Work instructions:
Please, without any pictures, set down exactly the part of the listing below that opens with the line containing "Hi guys, welcome" and closes with the line containing "I've been fascinated".

──────────────────────────────

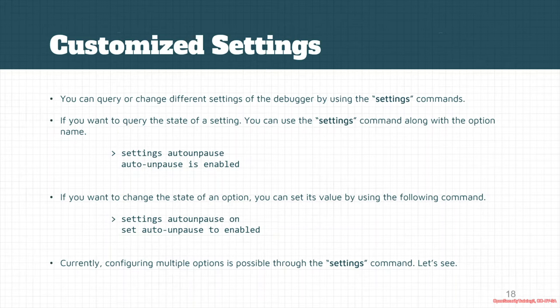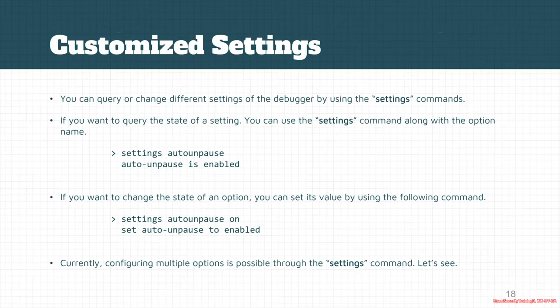We could use that settings command, and if we just use it without any extra argument, then it just queries the state of that feature. For example, auto-unpause is enabled by default.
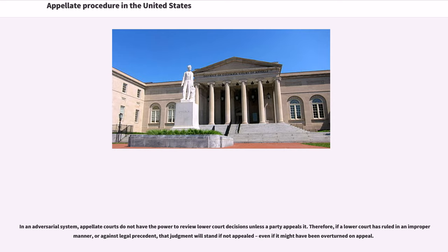In an adversarial system, appellate courts do not have the power to review lower court decisions unless a party appeals it. Therefore, if a lower court has ruled in an improper manner or against legal precedent, that judgment will stand if not appealed, even if it might have been overturned on appeal.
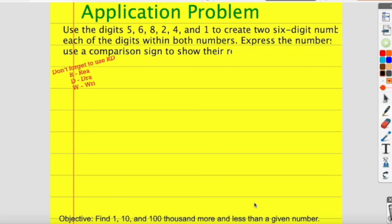Today we are going to be finding one thousand, ten thousand, and one hundred thousand more and less than a given number. You can see the objective at the bottom: find one, ten, hundred, thousand more and less than a given number. That means we're going to be subtracting and adding one thousand, ten thousand, and one hundred thousand to various numbers, and you're going to look at the patterns.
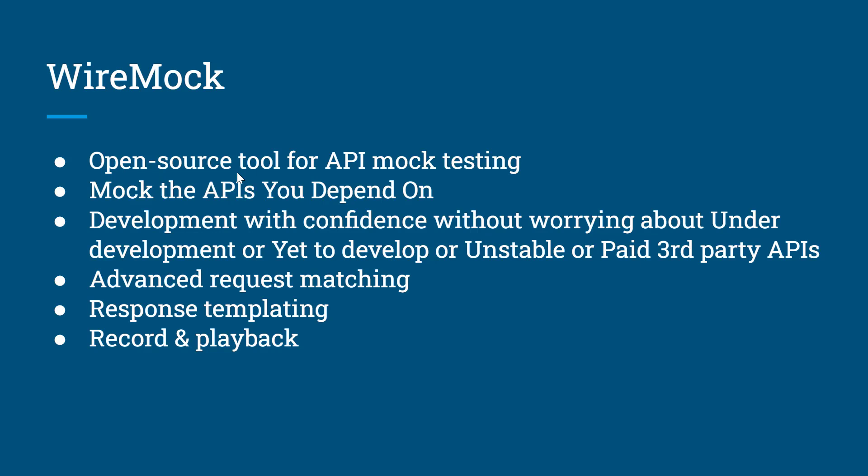So WireMock tool is an open source tool for API mock testing. It can help you mock the API response which you're dependent on. With the help of WireMock, we can develop with confidence without worrying about under-development or unstable or yet-to-be-developed or third-party APIs. It provides advanced request matching because you may require responses based on whatever request you're passing. We can write the logic so it will give you the response needed. Similarly, we can use response templates to create responses at runtime and send them back. Another major feature is recorded playback. Whatever request it's receiving, it's going to record that and create rules so it will be returned when required.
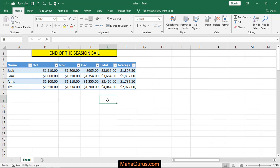Hi guys, welcome back to the YouTube channel. So in this tutorial we're gonna learn how we can use Save and Save As in Microsoft Excel.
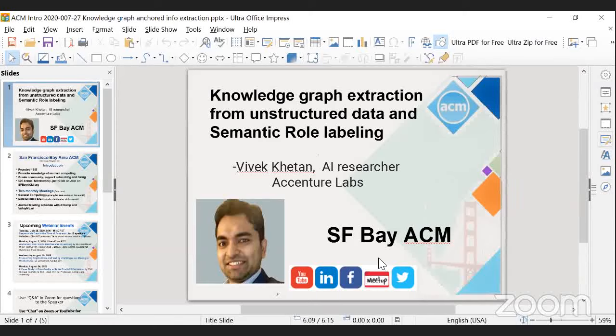Today we're going to talk about knowledge graph extraction from unstructured data and semantic role labeling by Vivek Khetan, an AI researcher at Accenture Labs.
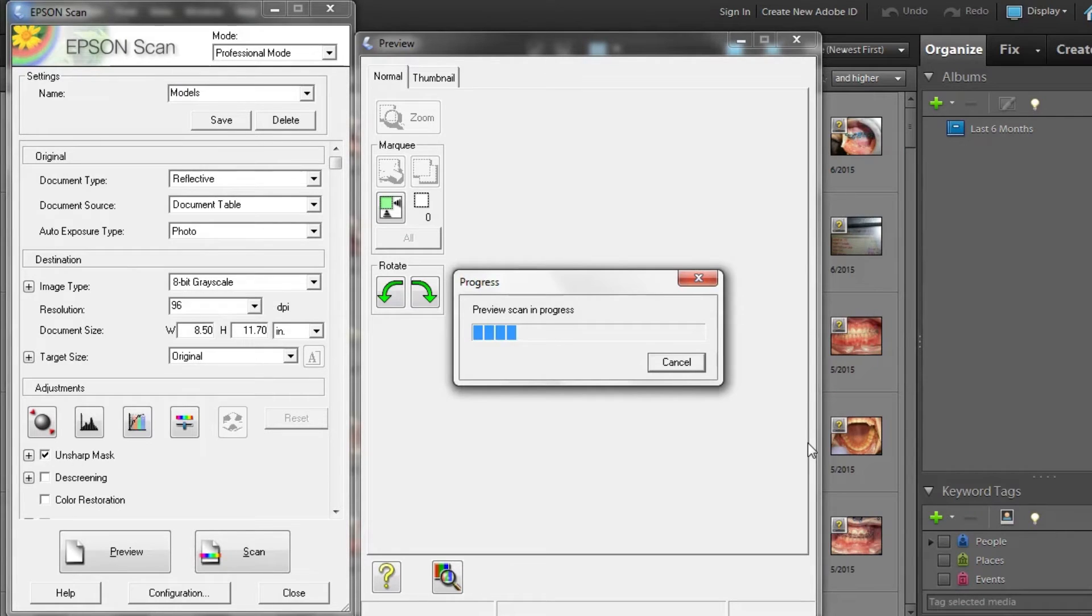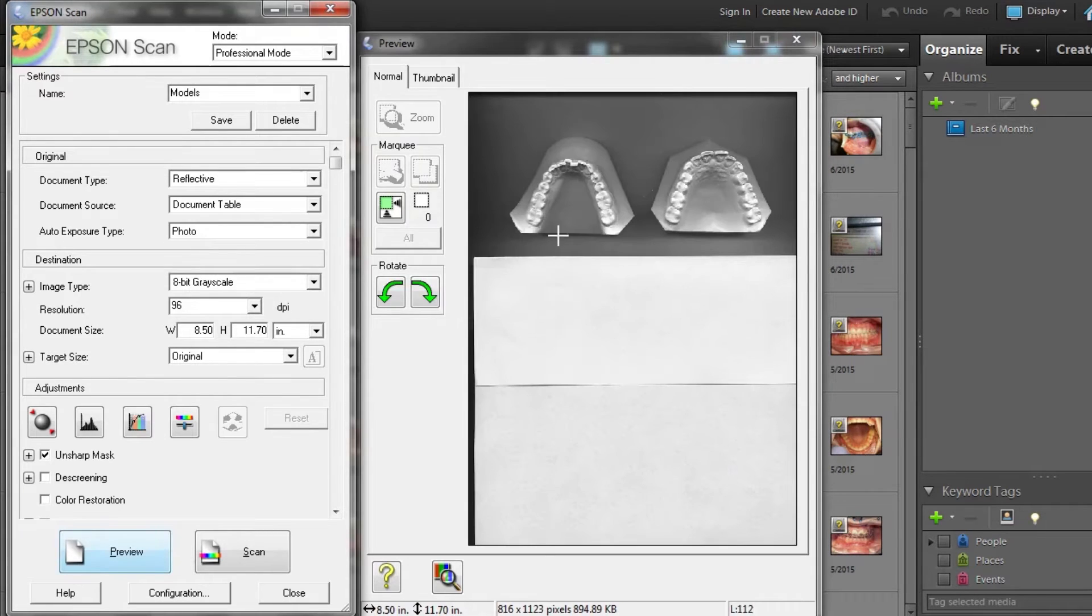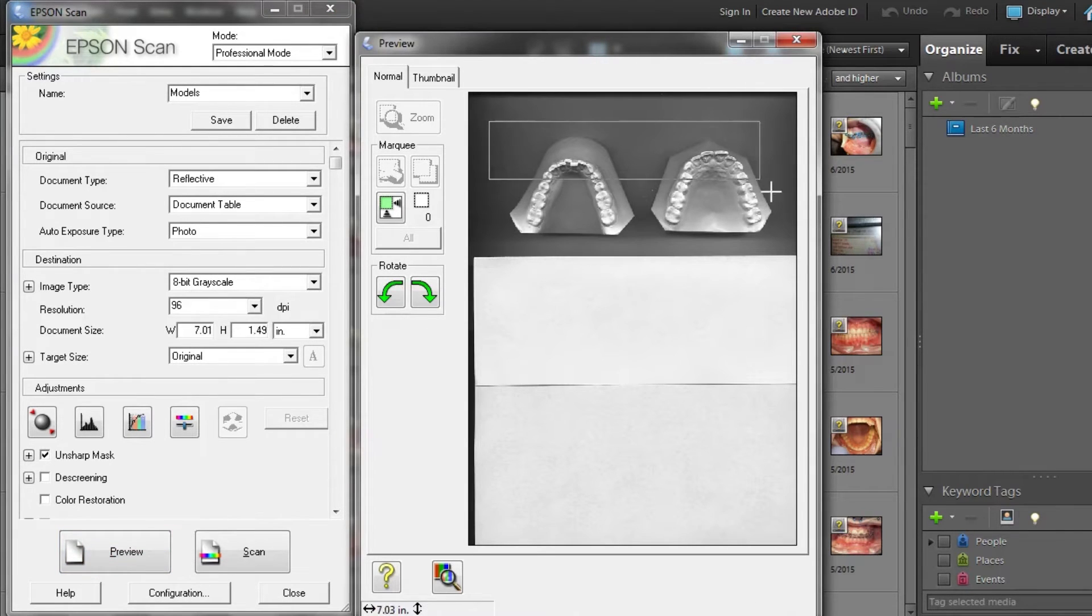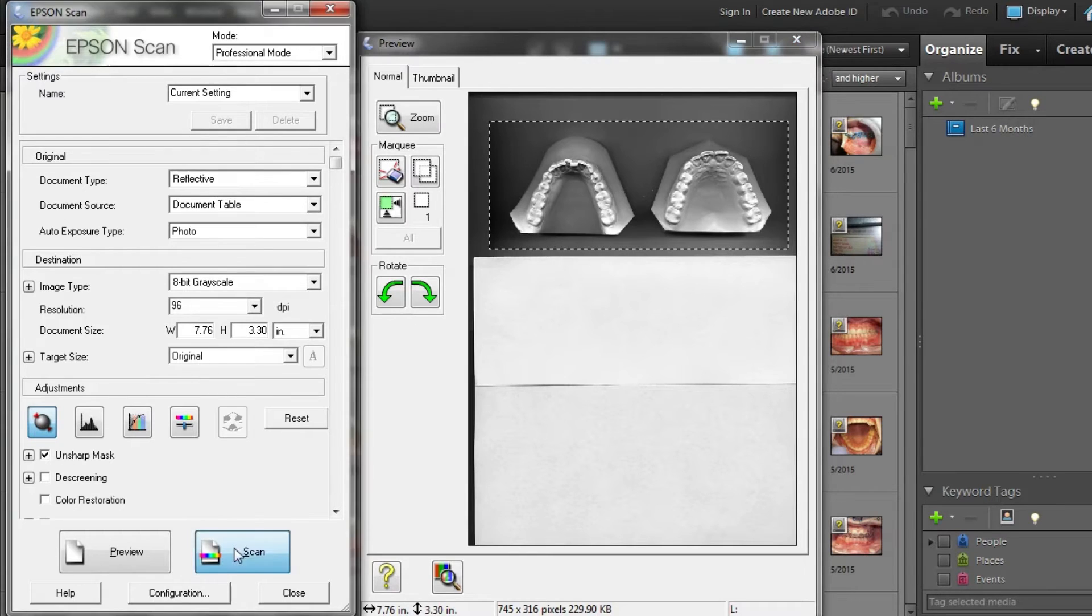Once you have a preview that you like, crop the scanner area to the desired view and select Scan.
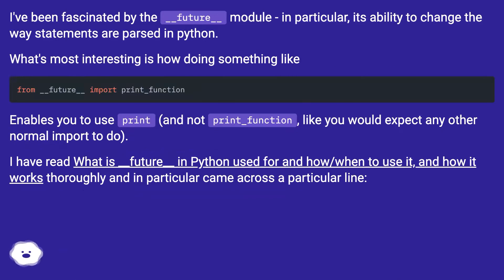I've been fascinated by the __future__ module, in particular, its ability to change the way statements are parsed in Python.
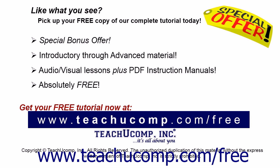Like what you see? Pick up your free copy of the complete tutorial at www.teachucomp.com/free.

──────────────────────────────

Result below:
Hi guys, welcome back to the YouTube channel. So in this tutorial we're gonna learn how we can use Save and Save As in Microsoft Excel.
Today we're going to talk about knowledge graph extraction from unstructured data and semantic role labeling by Vivek Khetan, an AI researcher at Accenture Labs.
Once you have a preview that you like, crop the scanner area to the desired view and select Scan.
I've been fascinated by the __future__ module, in particular, its ability to change the way statements are parsed in Python.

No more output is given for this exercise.